Anyway, I hate being told how to be.
I sense that you're wondering just what the bloody hell I'm wittering on about now. It's this:
I think I know why it was posted. The site in question is founded upon the most generous of principles and seeks to offer support and solace - as well as excellent points of discussion - on the subjects of dying, being bereaved, grief, anticipating death - basically anything to do with a subject so often regarded as taboo or too scary to think about. I'm as sure as I can be that the quote above is posted with the very best of intentions, and I'm reasonably convinced that the quote comes from people trying to be emotionally generous (and the intent, after all, is important). As with so many things with me (perennially grumpy bastard that I am), there is a large 'However' in the room.
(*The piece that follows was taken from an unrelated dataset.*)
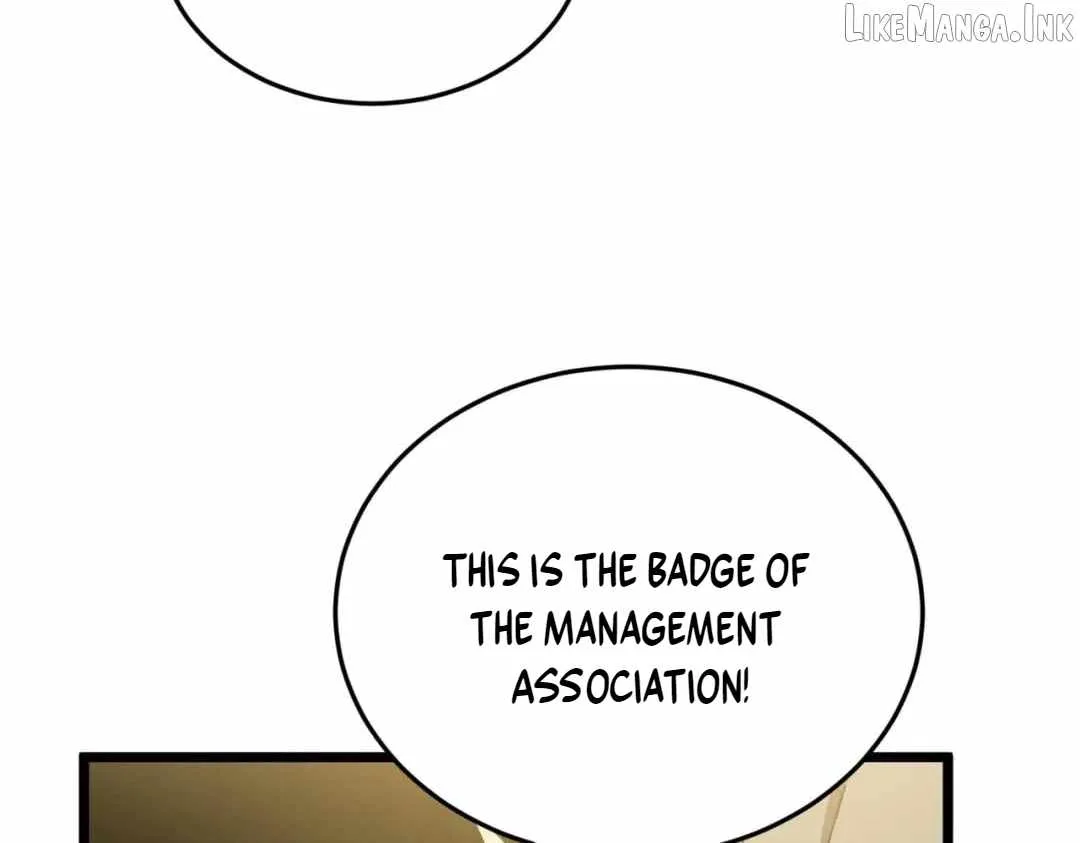 I Rely on My Invincibility to Deal Tons of Damage Passively! Chapter 182 page 119 -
*Howevers, just for your information, are large, hairy, stand on their back legs and have enormous and deeply furrowed eyebrows, with which they fend off potential predators and signal their mates - although generally speaking, not at the same time.*
In this case, I was struck by the imperative, instructional tone of the quote, and that doesn't sit well with me when it comes to matters of emotion. I shall now very simply illustrate my reaction to the various parts of this quote (clears throat and as if by magic, suddenly appears in a tuxedo and for no particular reason, sits down at a grand piano):
- "The reality is that you will grieve forever." Erm - says who? Do you know me? No. How, therefore, would you know about my reality?
- "You will not 'get over' the loss of a loved one; you will learn to live with it." Wow. Now there's a very clear instruction to be unhappy. No thanks!
- "You will be whole again, but you will never be the same." Actually, you know what: I will, because I've decided that I would like to be. Oh I'll have some new memories in new contexts, but that does not have to make me a different person any more than the passing of time and any other event in my life might.
- "Nor should you be the same, nor would you want to." Double wow: I SHOULDN'T be the same, and (big implied 'should' here) neither should I wish to be. Hmmm...well I have another idea about that, along the lines of: why shouldn't I be the same after my grief has faded and passed?.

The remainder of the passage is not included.